- **Entries provided**:
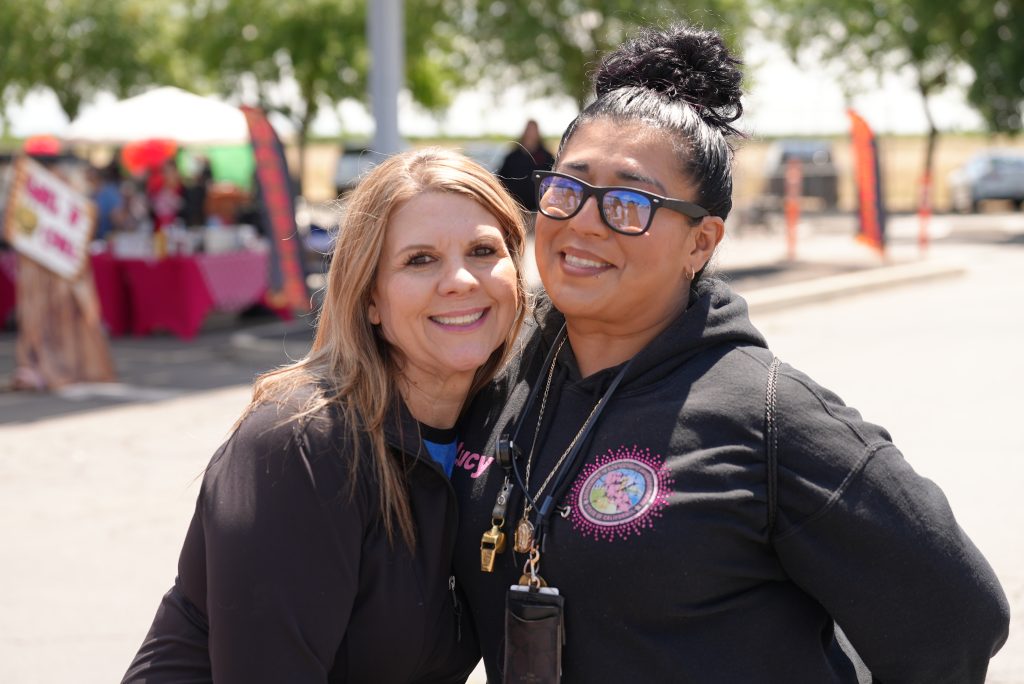 Two staff members smiling during the Valley State Prison event.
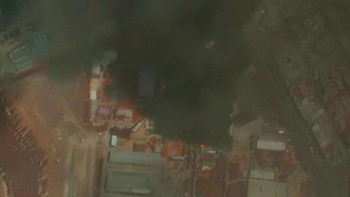 Gambar menunjukkan gedung-gedung yang terbakar di Fasilitas Produksi Elektronik Shiraz | Lihat gambar resolusi tinggi di sini Foto: Satellite image ©2025 Maxar Technologies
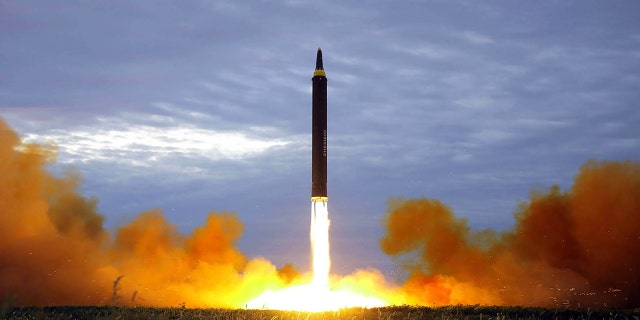This picture from North Korea's official Korean Central News Agency (KCNA) taken on August 29, 2017 and released on August 30, 2017 shows North Korea's intermediate-range strategic ballistic rocket Hwasong-12 lifting off from the launching pad at an undisclosed location near Pyongyang. (Photo credit STR/AFP/Getty Images)
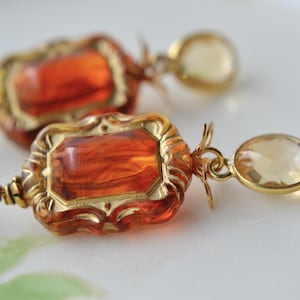 May include: Close-up of a pair of ornate earrings. Each earring features a rectangular, amber-coloured stone set in a gold-toned frame. A smaller, round, pale yellow stone dangles below.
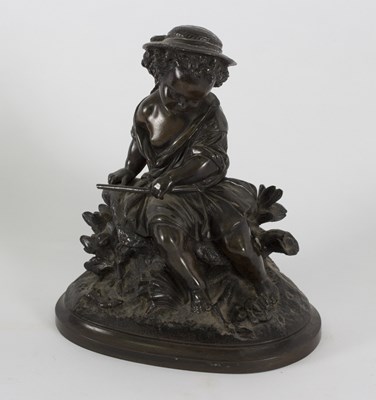 Lot 457 - A 19th Century bronze figure of a child seated...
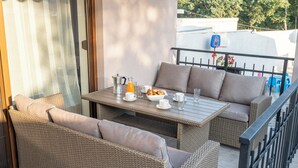 A balcony with wicker furniture, a table set with breakfast items, and a view of the outside.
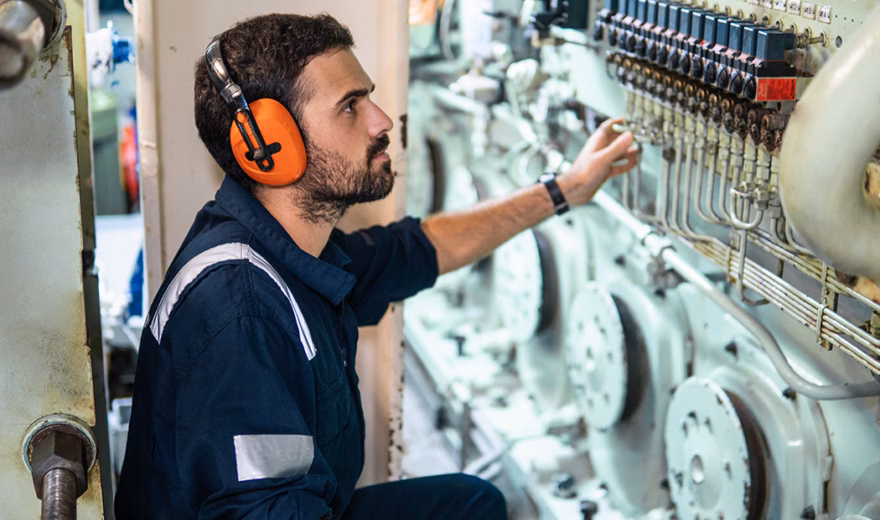 A technical system is being checked during inspection and maintenance work in an engine room.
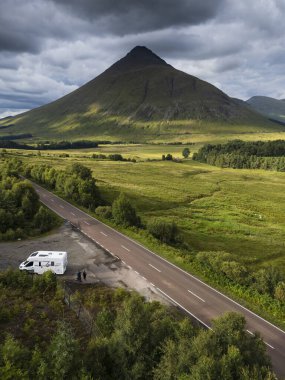 İskoç dağlarındaki Orchy Köprüsü 'nü geçerken turistlerle dolu bir karavan A82 yolunda ilerliyor.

- **Task objective**: What are the lines above from the one with "May include: Close-up" to the one with "Lot 457 - A", both included? Reproduce them exactly, without pictures.

- **Your response**:
 May include: Close-up of a pair of ornate earrings. Each earring features a rectangular, amber-coloured stone set in a gold-toned frame. A smaller, round, pale yellow stone dangles below.
 Lot 457 - A 19th Century bronze figure of a child seated...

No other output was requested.